Furthermore, “Schulman-Janiger worries there’s an ‘ecosystem crash,’ with warmer-than-normal waters in Alaska melting ice and having an impact on their food.
“ ‘They probably stayed longer to try and find food. And when they got to Mexico, it was a quick turn-around,’ she said. ‘Mom needs to go get food. She’s not going to hang out socializing, she’s going to go get food.
” ‘If something is wrong with them, something is wrong with the ecosystem.” ‘
This is one of the negative marine issues happening on the West Coast. Visit my blog Neptune 911 to discover that these are worldwide issues.
Meanwhile, I do my best to not impact our planet as much as I possibly can. At the moment, it’s a bit of a challenge because of some medical issues that require less environmentally-friendly purchases. That frustrates me.

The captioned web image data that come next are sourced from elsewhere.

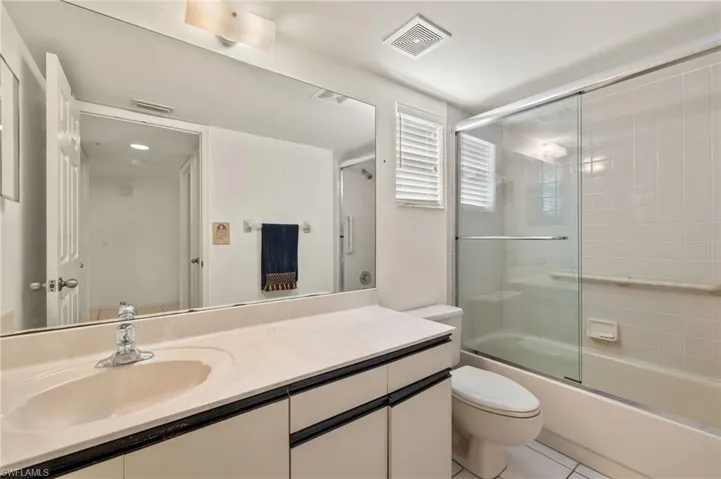 Full bathroom with tile patterned flooring, toilet, vanity, and combined bath / shower with glass door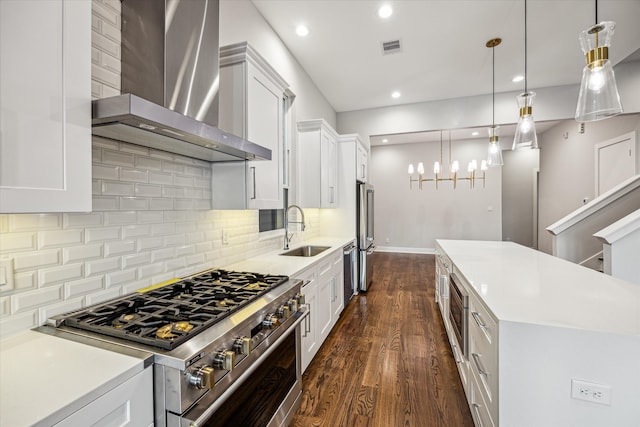 kitchen featuring dark hardwood / wood-style flooring, pendant lighting, high end appliances, wall chimney exhaust hood, and white cabinetry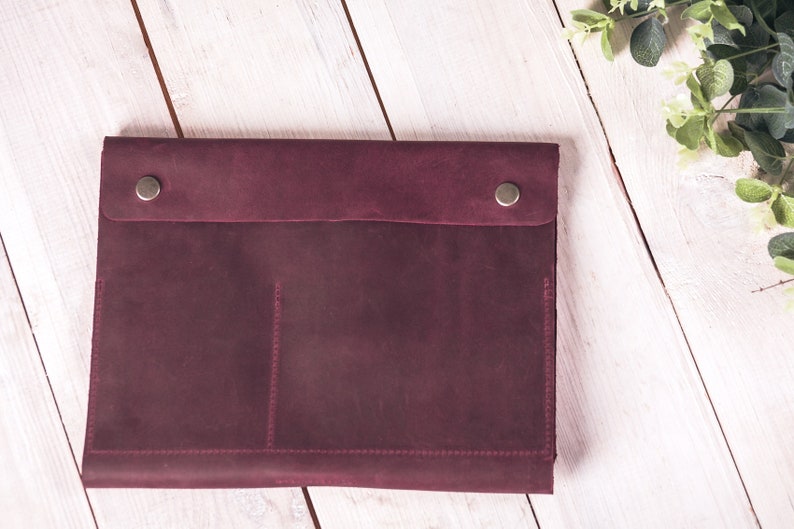 May include: A burgundy leather laptop sleeve with a flap closure secured by two silver-toned snap buttons. The sleeve has a pocket detail and is stitched with burgundy thread. The background is a white wooden surface.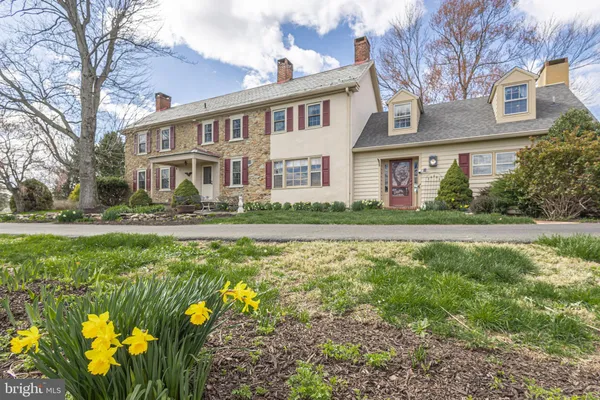 a front view of a house with swimming pool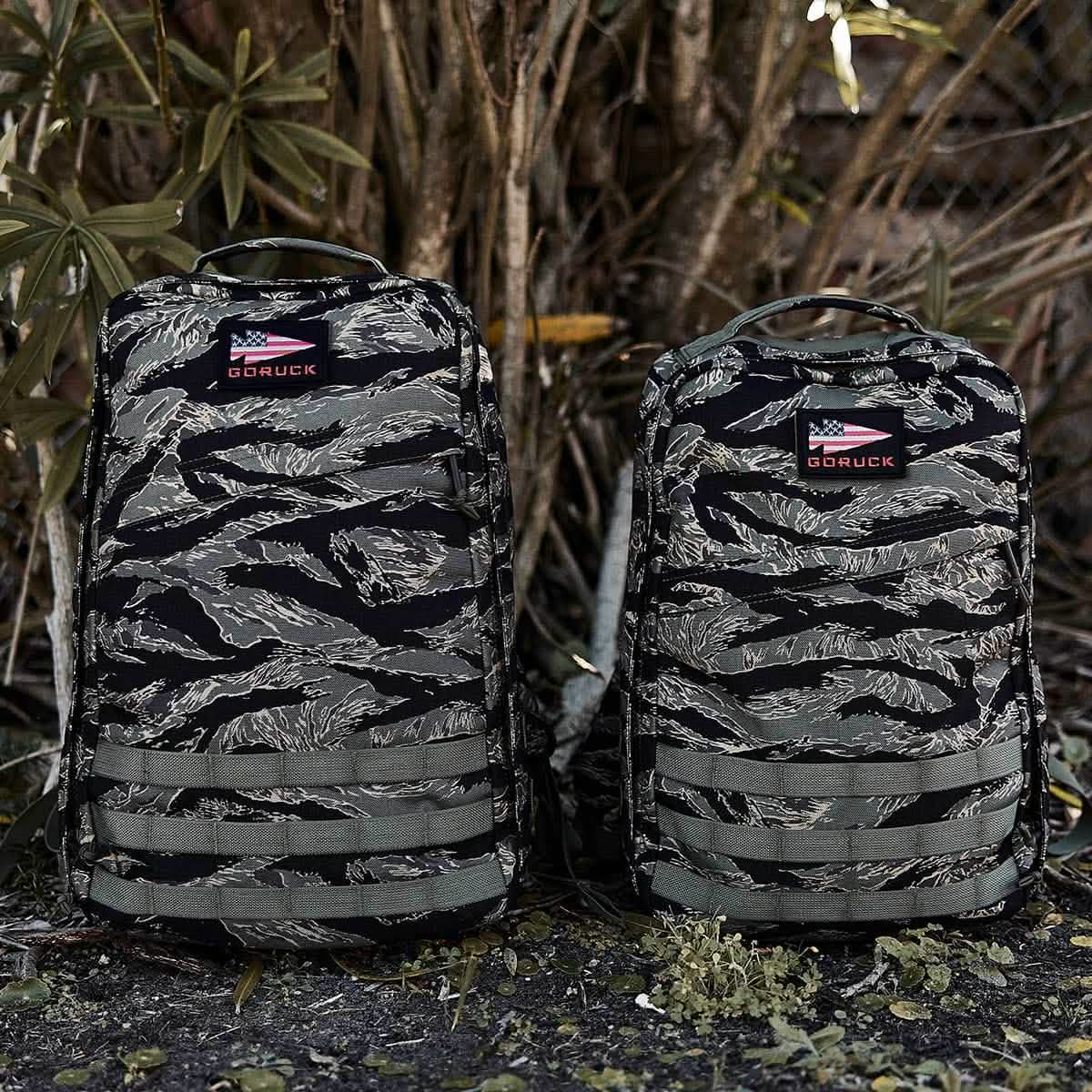 Two GR1 - USA - Tiger Stripe rucksacks stand side by side outdoors, highlighting American manufacturing excellence with lush plants and trees in the background.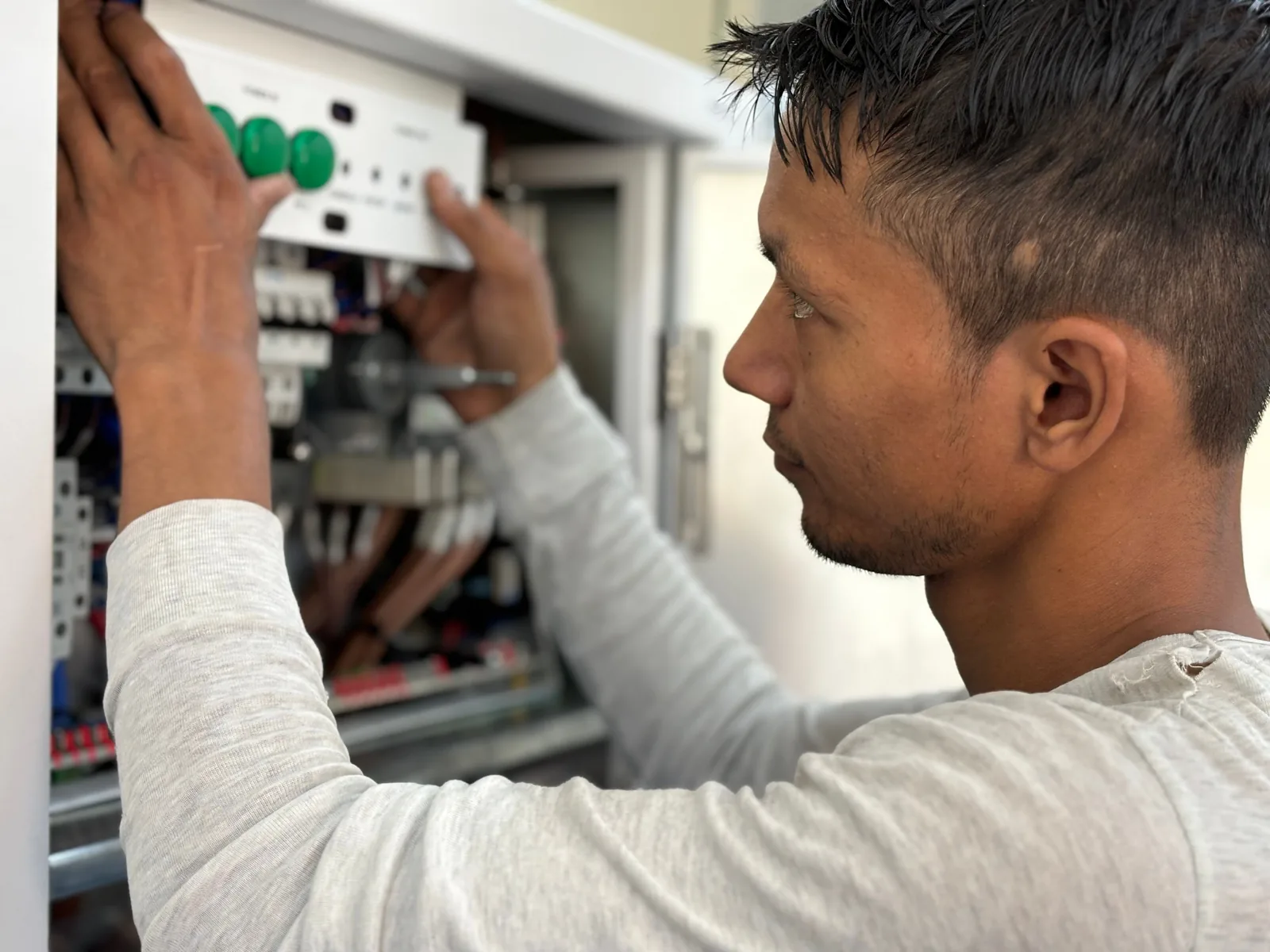 Technician inspecting an electrical control panel - SIPKO Security Technician mounting a wireless alarm hub and checking wiring during installation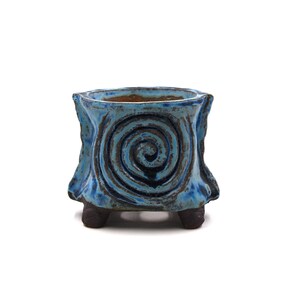Może przedstawiać: Mała, kwadratowa ceramiczna doniczka z niebieskim szkliwem i spiralnym wzorem. Doniczka ma trzy małe nóżki i teksturowaną powierzchnię. Wnętrze ma kontrastujący brązowy kolor. Dekoracyjny element do małych roślin lub sukulentów.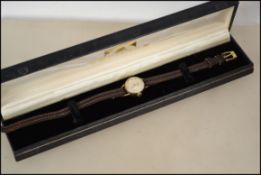 A vintage 9ct gold cocktail dress watch by Roamer having an 18 jewel movement and a black leather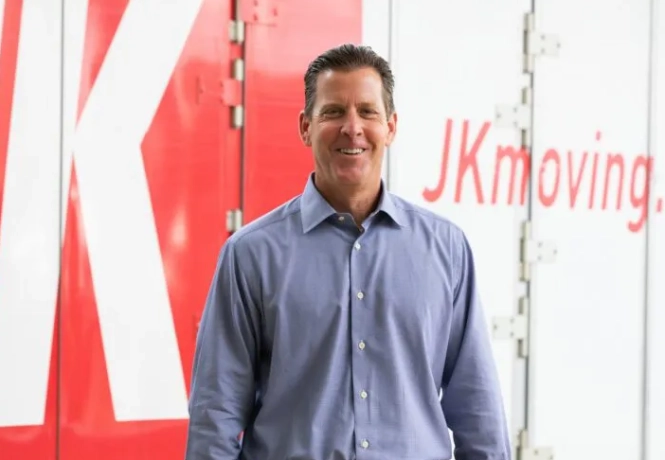 JK Moving CEO Chuck Kuhn standing in front of JK truck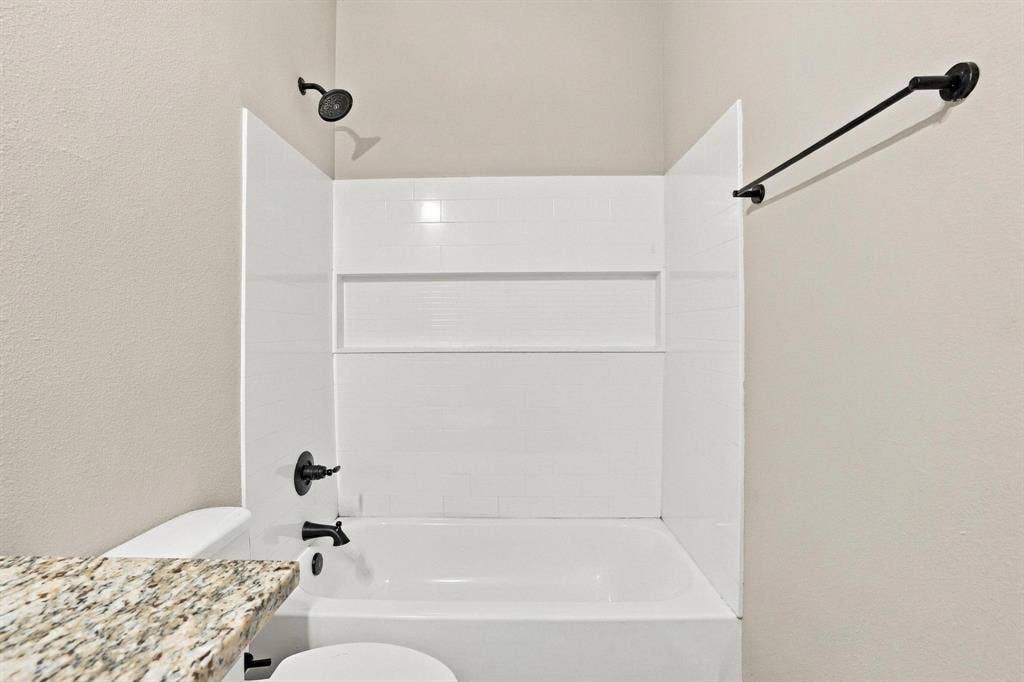 1116 S 6th Avenue, Denison, TX 75021 Bathtub and shower combination featuring white surround paneling with integrated recessed shelving, matte black fixtures, and a stone-finish countertop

But it represents the same insidious conditions of a changing climate — more heat, more call for refrigeration; more extreme cold, more call for heating. Disruptive and violent weather, more call for the use of non-breakable plastics, more plastics washing out to sea; more mining for rare earth and other minerals for more life-saving devices and communication efforts; more inability to farm resulting in more migration — like the gray whale hunting further and further for food. Migration can bring more intolerance toward change and population fluctuations. Radicalism grows as we tribalize to protect our race, our faith, our way of life.
Was this what the great brain of the whale has tried to communicate as it forgives us for our history of their slaughter? I don’t know. These questions simply swim through my imagination like that time as a child in the dry Mojave Desert trying to create my own fertile and happy world in the dust with a hose.